Similar analyses for lactate showed a significant increase of lactate in VC during task activation (Figure 5(a); two-tailed one-sample t-test, t = 6.46, p < 0.001, p_JB = 0.388; 7.8 ± 5.4% from baseline level 0.99 ± 0.13 mM; CRLB = 4.0 ± 1.8), and a significant positive correlation between activation-induced lactate change and fMRI-fMRS BOLD responses (Figure 5(b); two-tailed Pearson correlation; rho = 0.62, p = 0.005). In contrast to VC, no significant task-induced changes in lactate were seen in PCC during task deactivation (Figure 5(a); two-tailed one-sample t-test, t = 1.35, p = 0.193, p_JB = 0.219; 1.4 ± 4.7% from baseline level 0.97 ± 0.11 mM; CRLB = 2.3 ± 0.7); lactate change also did not correlate significantly with fMRI-fMRS BOLD responses (Figure 5(c); two-tailed Pearson correlation; rho = -0.10, p = 0.681). Because lactate and β-hydroxybutyrate (BHB) have similar J-evolution profiles, both are co-edited in a J-difference spectrum where these signals partially overlap (Figure S5).³⁶ However, no significant change in BHB was observed in VC (two-tailed one-sample t-test, t = -0.77, p = 0.449, p_JB = 0.500; -3.2 ± 18.5% from baseline level 0.37 ± 0.09 mM; CRLB = 11.3 ± 4.7) or PCC (two-tailed one-sample t-test, t = 0.81, p = 0.426, p_JB = 0.500; 2.1 ± 11.5% from baseline level 0.34 ± 0.11 mM; CRLB = 8.0 ± 6.3), also eliminating a potential inference of a change in BHB on the quantification of lactate signal.

Figure 5.

Task-induced lactate level changes and their correlations with VC activations and PCC deactivations. (a) Significant lactate increase during VC activation (7.8 ± 5.4% from baseline level 0.99 ± 0.13 mM) but not during PCC deactivation (1.4 ± 4.7% from baseline level 0.97 ± 0.11 mM).

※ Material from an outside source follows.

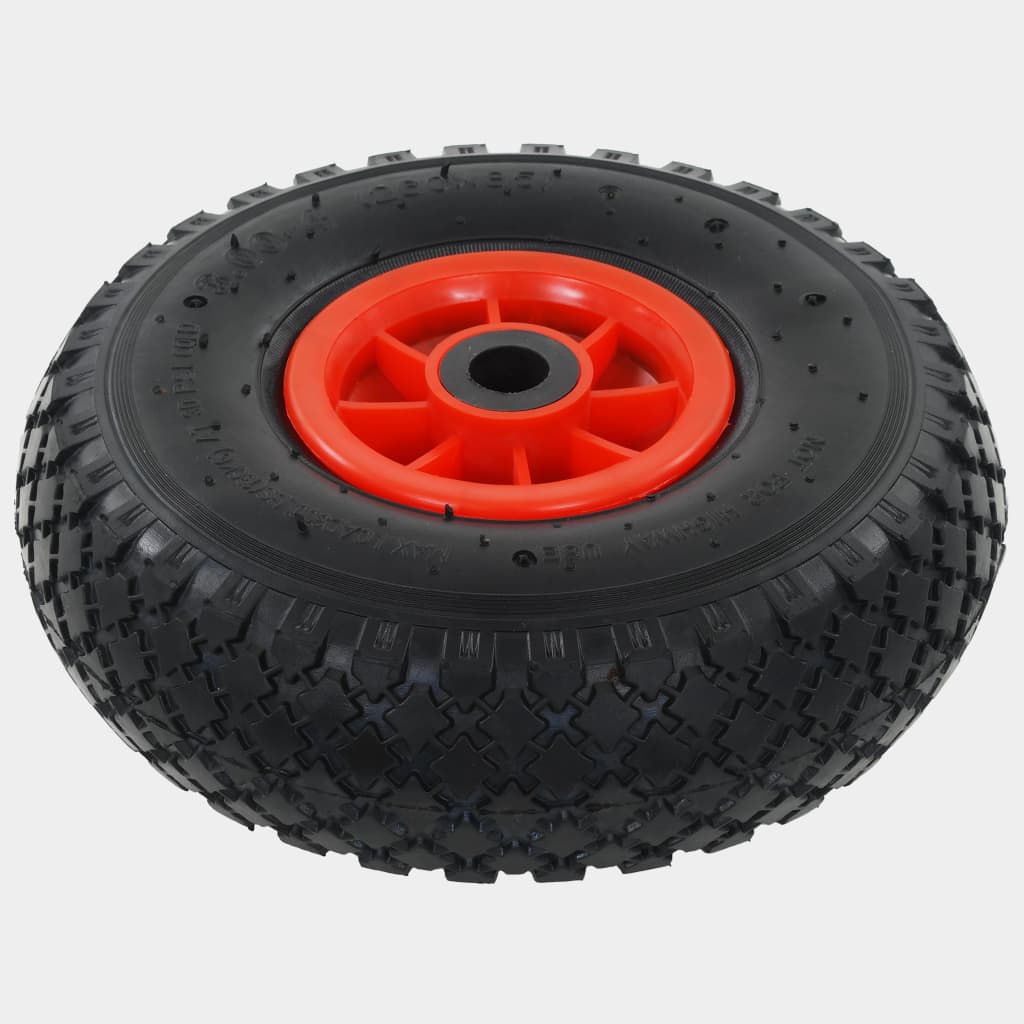 Steekwagenwielen 3.00-4 245 x 82 mm rubber zwart/rood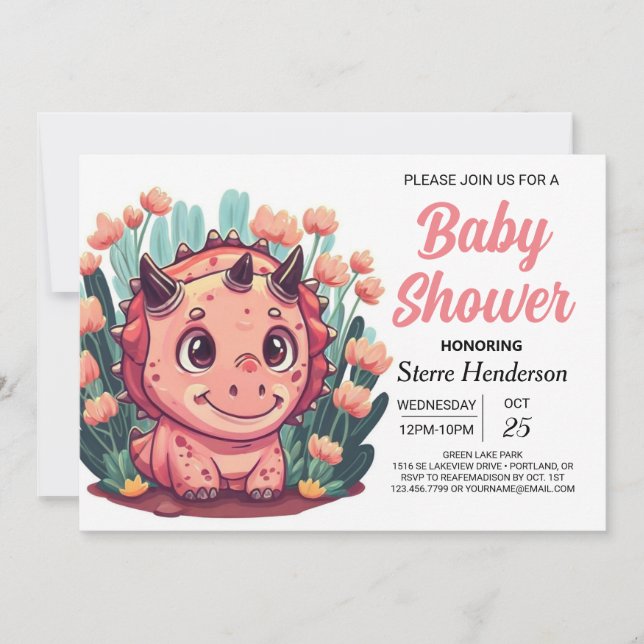 Invitation Bohème Aquarelle Dinosaur Baby shower fille (Devant)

BHB did not change, neither during VC activation (-3.2 ± 18.5% from baselin1e level 0.37 ± 0.09 mM), nor during PCC deactivation (2.1 ± 11.5% from baseline level 0.34 ± 0.11 mM). (b) Positive correlation between task-induced lactate change and BOLD responses in the VC. (c) Task-induced lactate change did not correlate with BOLD responses in PCC. Referenced lactate levels are estimated assuming NAA concentration of 10 mM.

Discussion

In this study, we used whole-brain fMRI and single-voxel fMRI-fMRS to investigate activation in a task-positive brain area (VC activated by a visual task) and deactivation in a task-negative brain area (PCC deactivated by an auditory cognitive task). The fMRI-fMRS pulse sequence allowed for concurrent quantification of GABA, Glx and lactate in relation to BOLD response during the (de)activation paradigms. The measurements of GABA, Glx, and lactate served as proxies for excitatory-inhibitory balance and aerobic glycolysis. Our results provide insights into the complex metabolic underpinnings of positive and negative BOLD response.

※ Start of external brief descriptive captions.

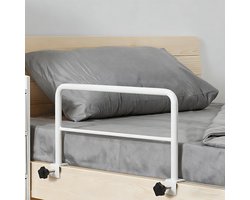 KAD® Universele Bedsteun & Bedbeugel - In Hoogte Verstelbaar - Antislip Greep - Wit - 100cm x 5cm x 60cm
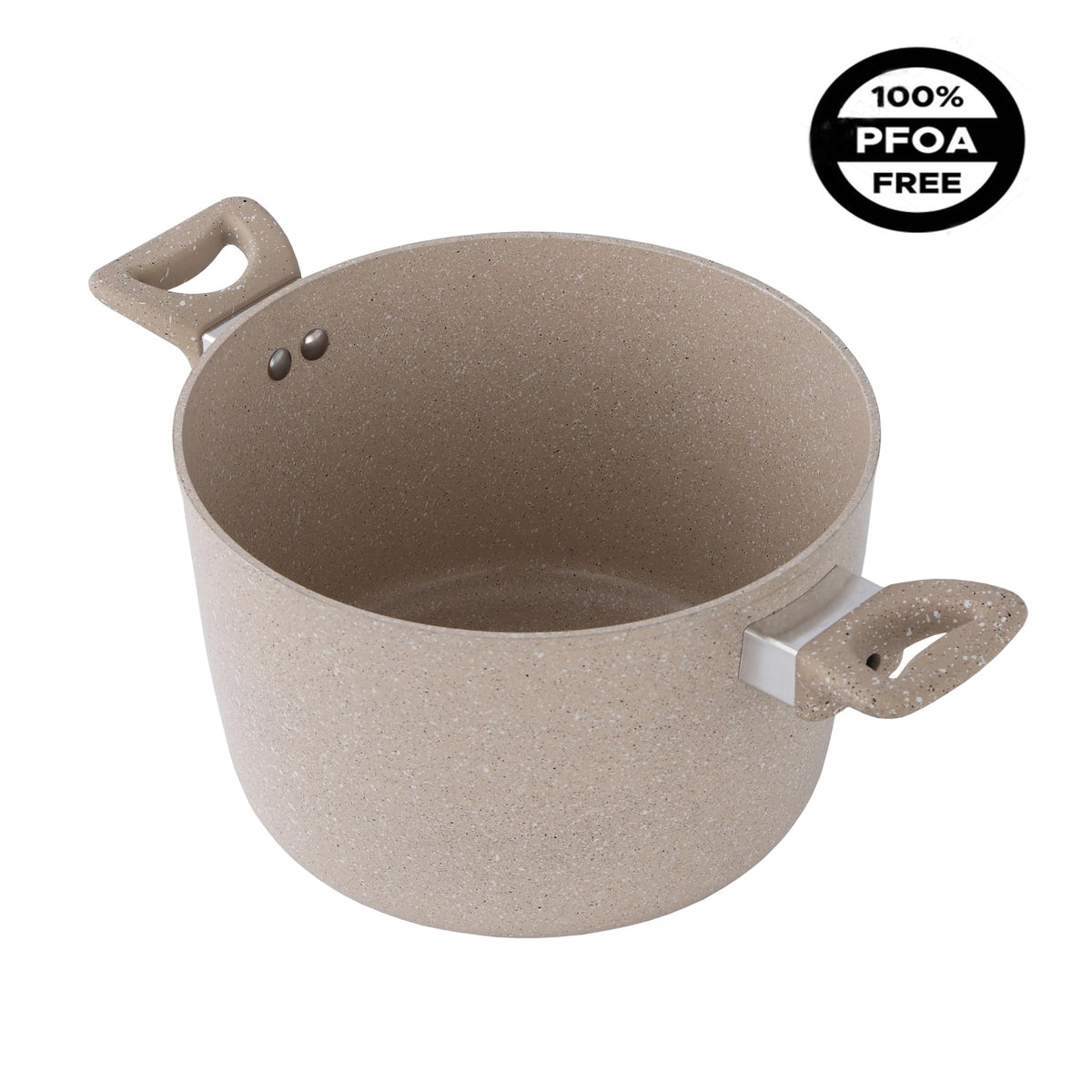 13-Piece Beige Marble Coated Non-Stick Cookware Set with Glass Lids M523000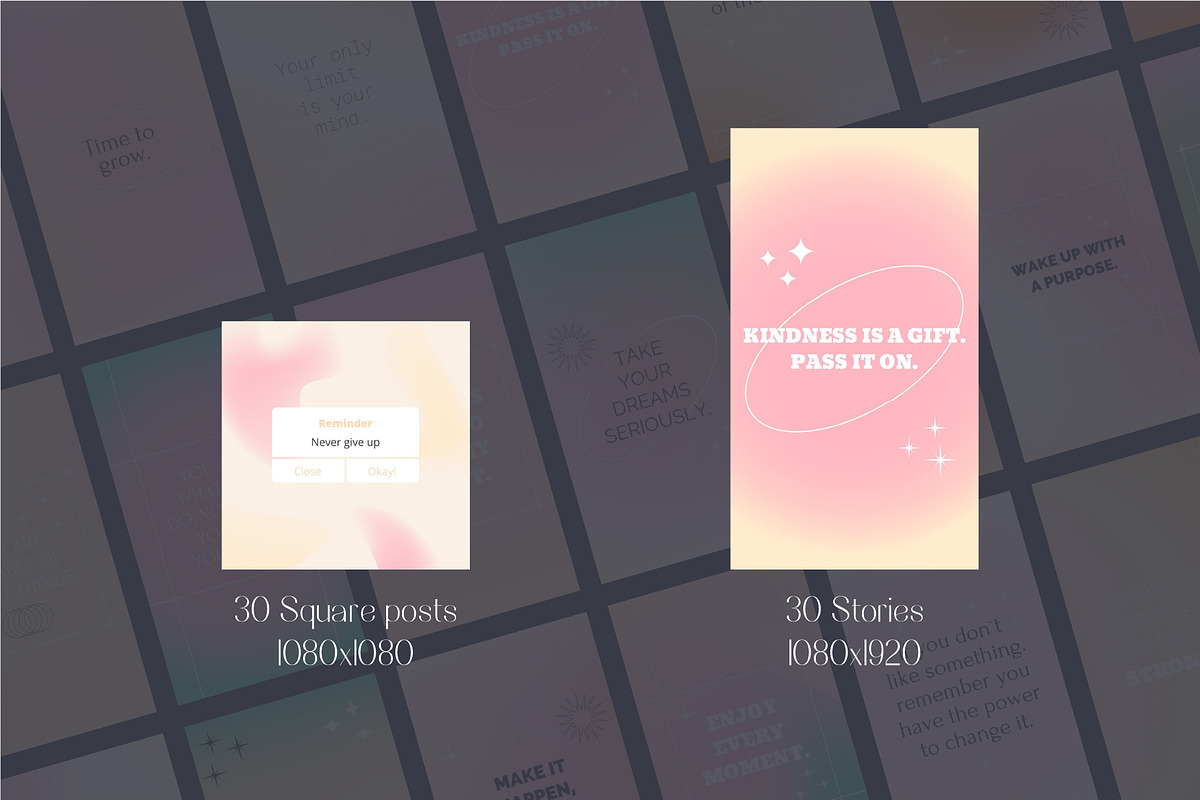 Canva Instagram Gradient Quotes, a Social Media Template by AnnArt (Photo 2 of 10)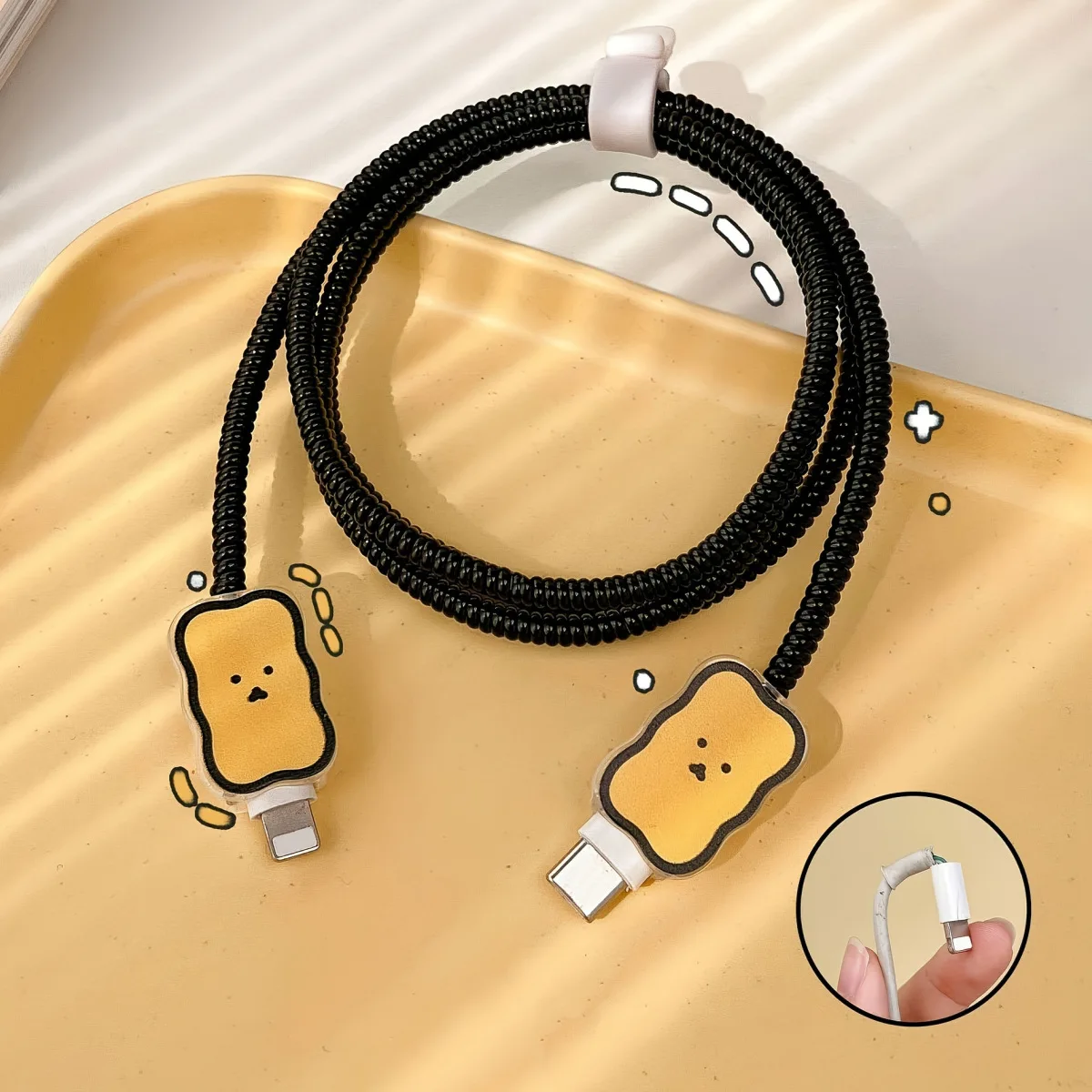 Cute Bear 3D Cartoon Cable Protector For iPhone / iPad 18W/20W Charger Case Phone Wire Cord Organizers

BOLD response and GABAergic function

Baseline GABA levels in VC and PCC were negatively correlated with the task-induced BOLD response across participants, which accords well with previous findings suggesting that increased inhibition is associated with decreased positive BOLD magnitude in VC^5,31–33 and increased negative BOLD magnitude in ACC²⁹ and PCC.³⁰ These observations suggest that a significant component of the variability seen in BOLD response across subjects could be modulated by regional GABA level.³¹ At the simplest level, this result suggests that regional GABA level modulates inter-subject BOLD response variability.³¹ Because both task-negative and task-positive brain areas follow this relationship, baseline inhibition of brain activity is ubiquitously important for normal brain function.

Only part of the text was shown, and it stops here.